Этот отбор неизменно приводит к выживанию сильнейших, или «наиболее приспособленных».

— Звучит не менее логично, чем арифметическая задача. А как восприняли книгу о происхождении видов современники?

— Вокруг нее поднялась настоящая свара. Церковь выдвинула резкие возражения, а мнения английских ученых мужей разделились. В этом не было ничего удивительного: Дарвин фактически отстранил Бога от сотворения мира. Кое-кто, впрочем, резонно замечал, что создание существ, обладающих врожденной способностью к развитию, следует считать более великим актом, чем единовременное сотворение всего и вся.

— Посмотри! — закричала вдруг София, вскакивая со стула.

Она показывала в окно. По берегу озера, держась за руки, шла обнаженная пара, мужчина и женщина.

— Это Адам и Ева, — сказал Альберто. — Через некоторое время им придется разделить судьбу Красной Шапочки и Алисы из Страны чудес. Вот почему они появились перед нами.

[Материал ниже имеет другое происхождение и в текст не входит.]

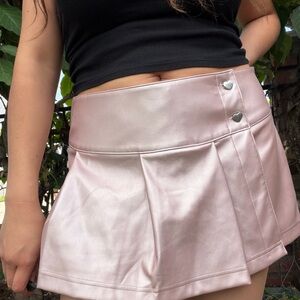 Celebrity Pink Blush Skirt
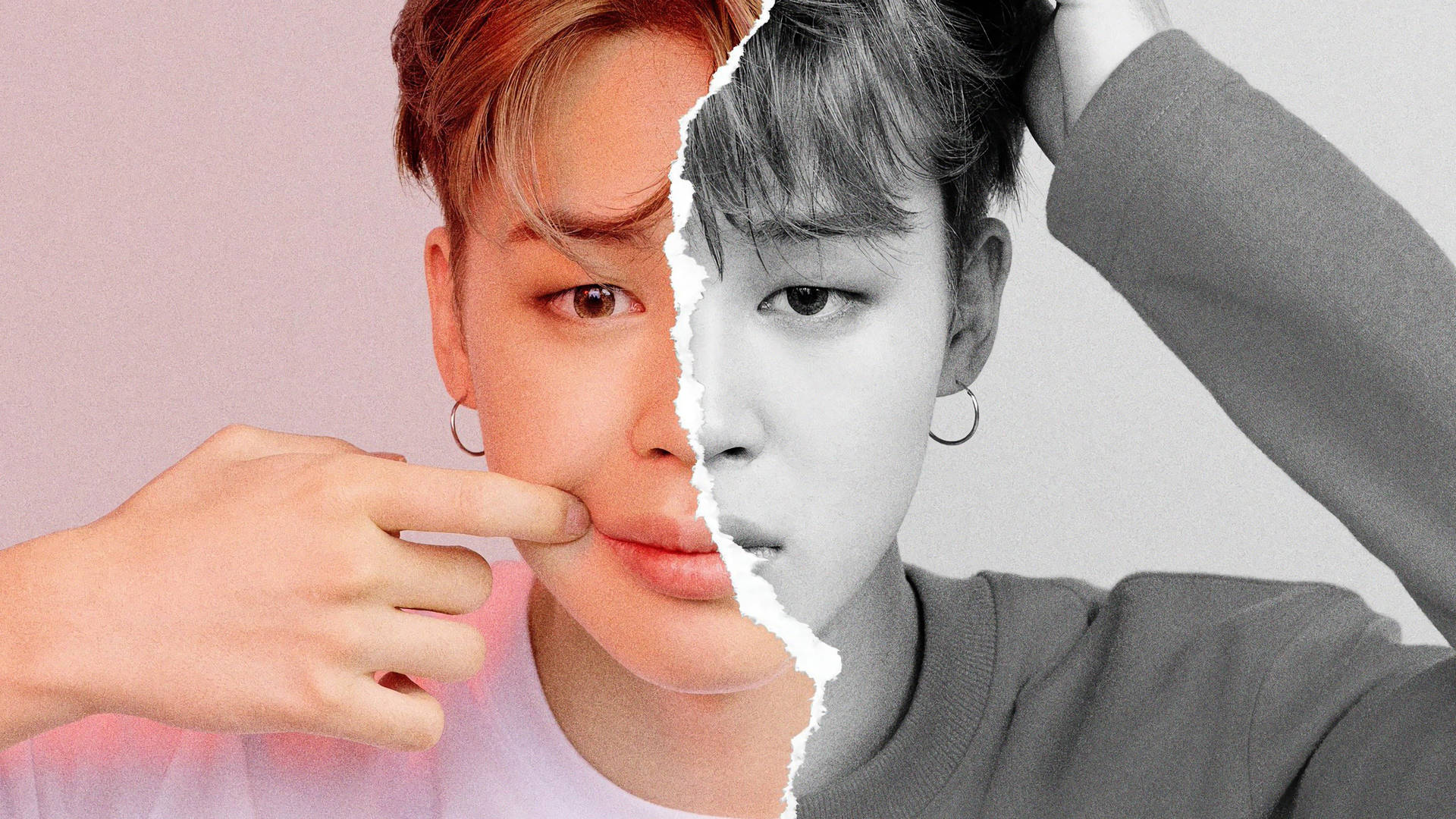 Jimin 3840X2160 Wallpaper and Background Image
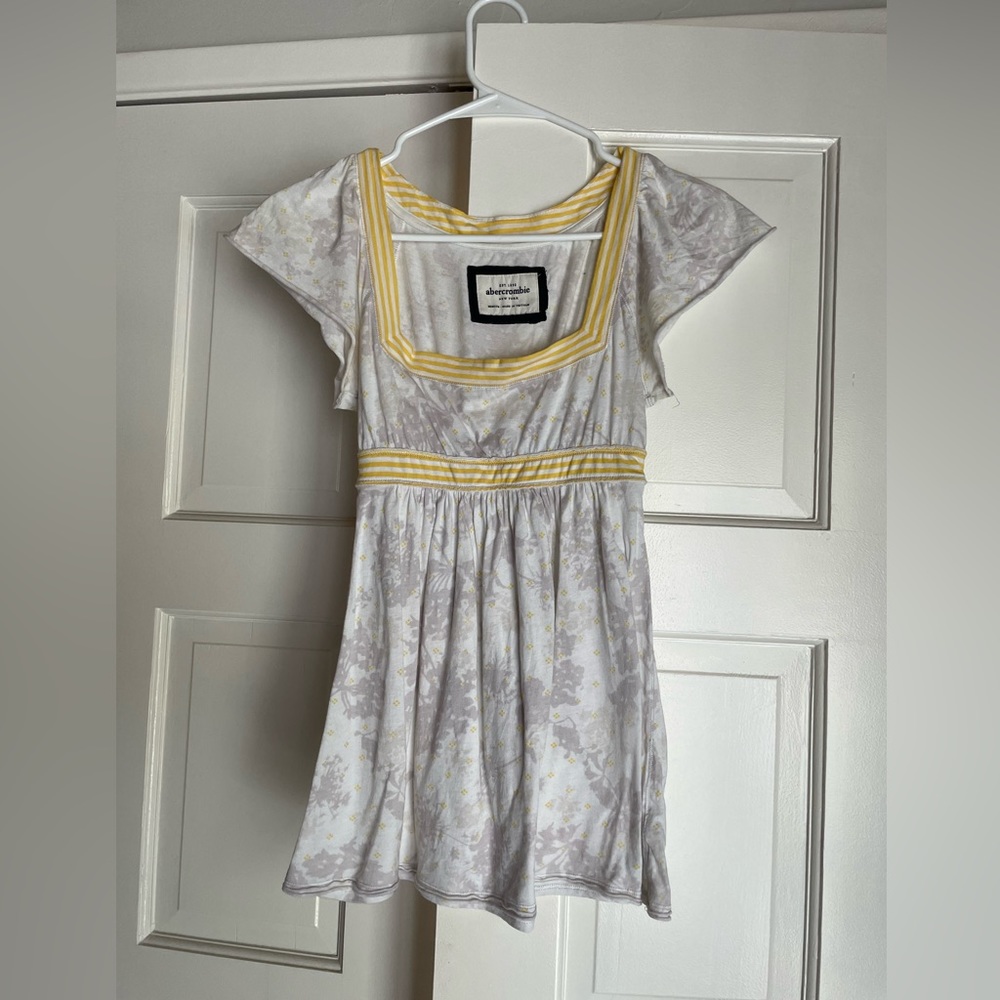 Abercrombie summer top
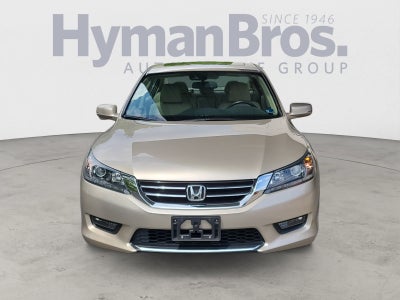 2014 Honda Accord Sedan EX-L V6 | Local One-Owner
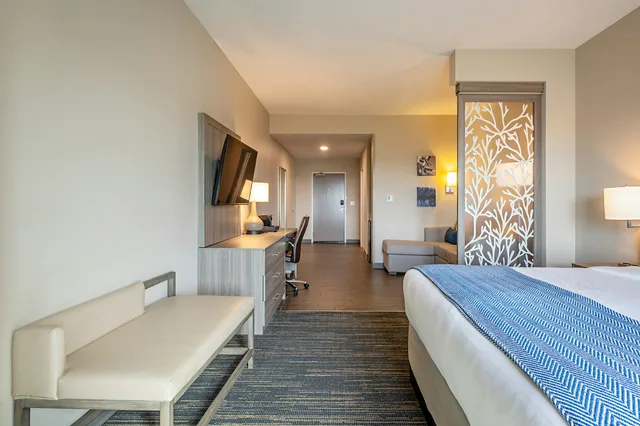 Master, Suite, King Bed، Pestana Orlando Suites Lake Buena Vista 3/10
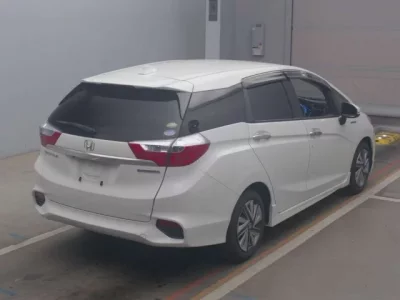 Honda SHUTTLE
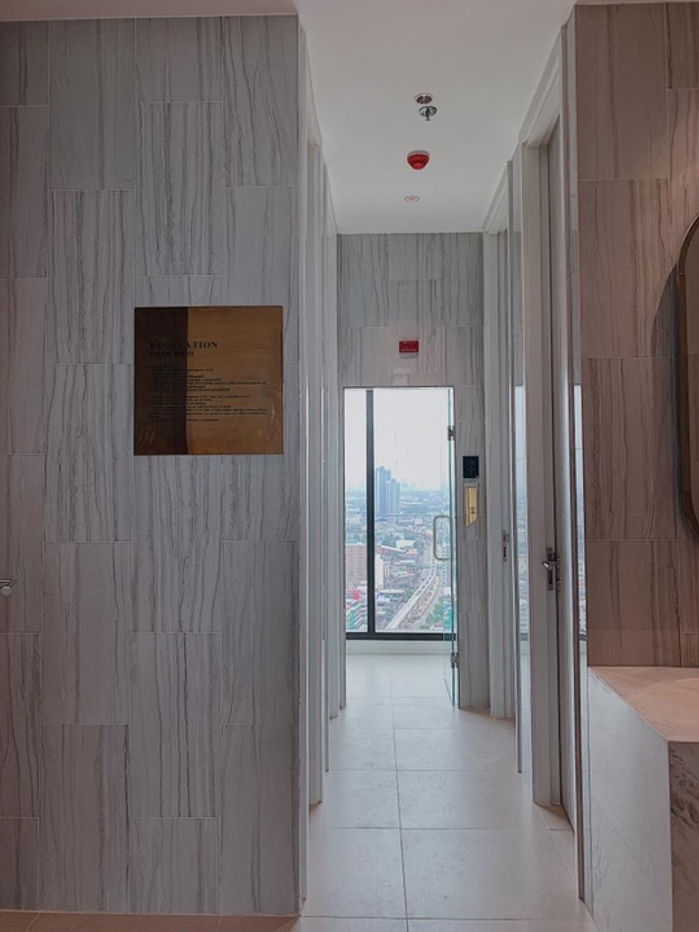 picture 🔥 For rent 🏨 Condo Knights Bridge Sukhumvit-Theparak near 🚇 MRT Thephawan 💸 Price 11,000 baht/month 🚩 Good location - 11/23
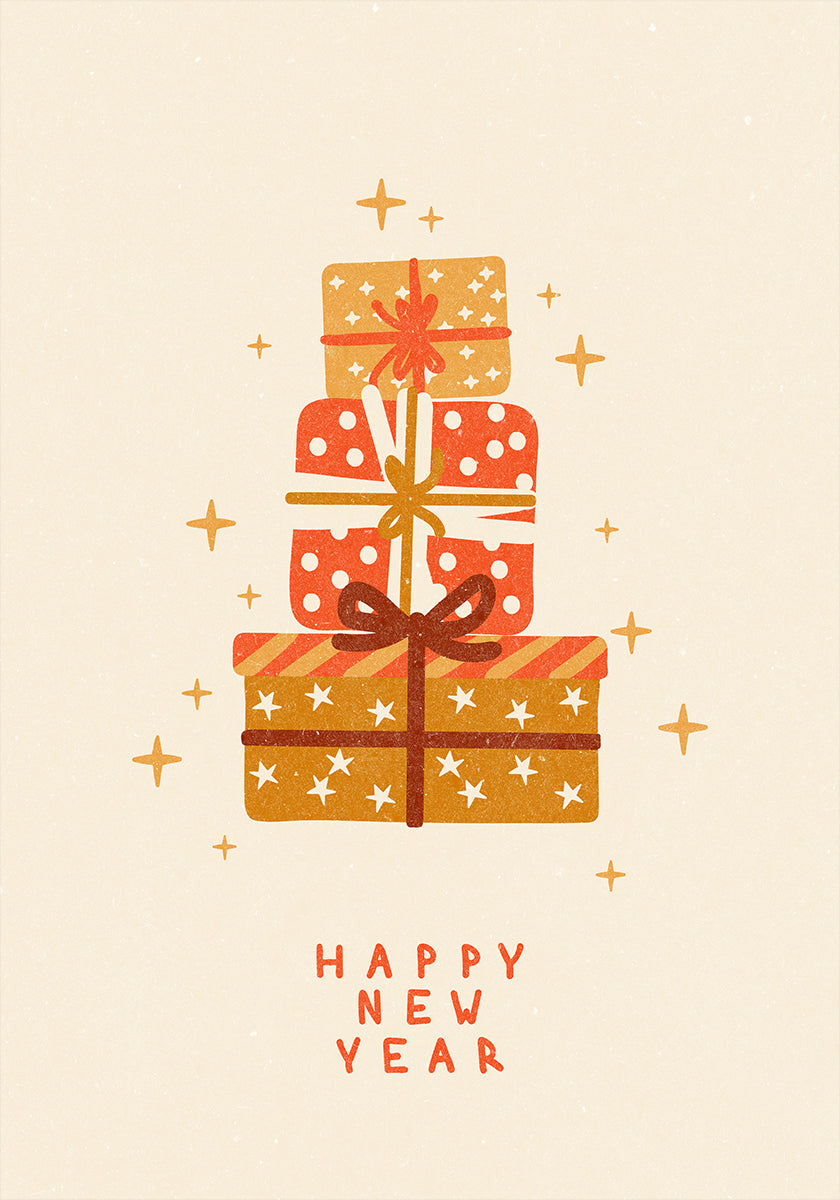 Montagne de cadeaux (NOUVEAU)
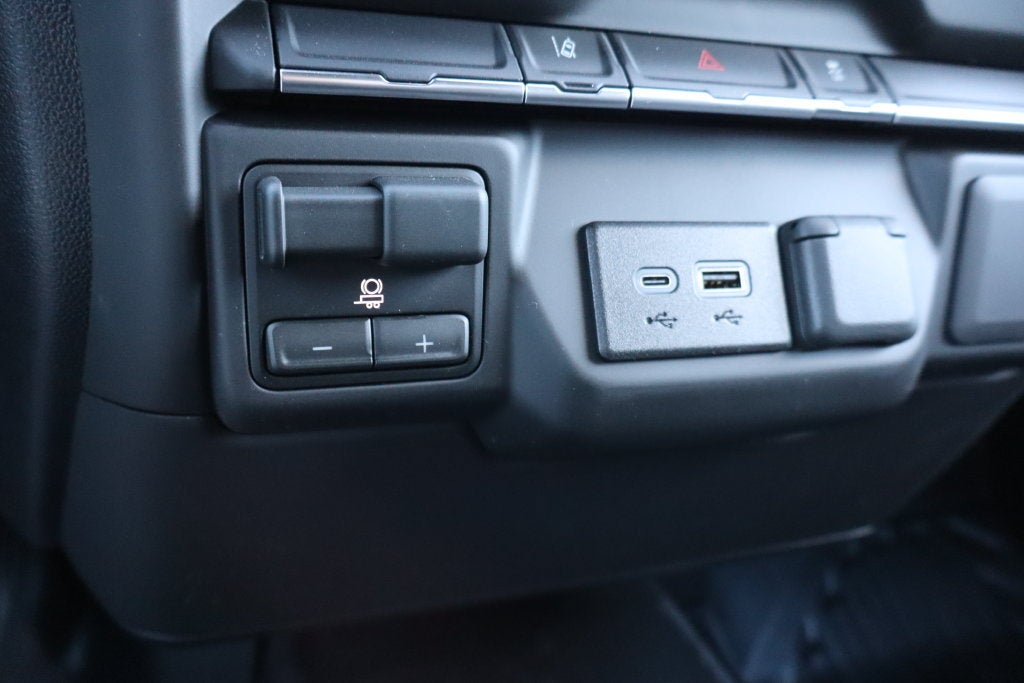2026 Chevrolet Silverado 2500 HD Base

София подошла ближе к окну и смотрела им вслед, пока они не скрылись между деревьями.

— А Дарвин считал, что и люди произошли от животных?

— В 1871 году он опубликовал книгу «Происхождение человека», в которой указывает все случаи сходства между людьми и животными, а также утверждает, что человек и человекообразная обезьяна, вероятно, некогда развились от общего предка. К этому времени были обнаружены первые ископаемые черепа вымершего вида человека, сначала в каменоломне на гибралтарской скале, а несколько лет спустя — в долине Неандерталь в Германии. Как ни странно, в 1871 году протестов было куда меньше, чем в 1859-м, когда Дарвин выпустил «Происхождение видов».

Впрочем, мысль о происхождении человека от животных была подспудно заложена уже в первой книге. И, как я упоминал раньше, в 1882 году, когда Дарвин умер, он удостоился торжественных похорон как один из крупнейших деятелей науки.

— Значит, в конце концов он дождался почета и уважения?

— В конце концов дождался. Но сначала его называли «опаснейшим человеком в Англии».

— Боже мой!

— «Будем надеяться, что это неправда, — заявила одна благородная дама, — но если это правда, будем надеяться, что она не получит широкой огласки». Известный ученый выразил примерно ту же мысль: «Унизительное открытие, и чем меньше о нем будут говорить, тем лучше».

— Таким образом они чуть ли не давали доказательство, что человек произошел от страуса!

— Можно сказать и так. Но нам легко рассуждать постфактум, а тогда многие вынуждены были пересмотреть свое отношение к библейской версии сотворения мира. Английский писатель Джон Рескин высказался так: «Хоть бы эти геологи оставили меня в покое. Я слышу стук их молотков в конце каждого стиха Библии».

— И удары геологических молотков заставляли усомниться в словах Господа?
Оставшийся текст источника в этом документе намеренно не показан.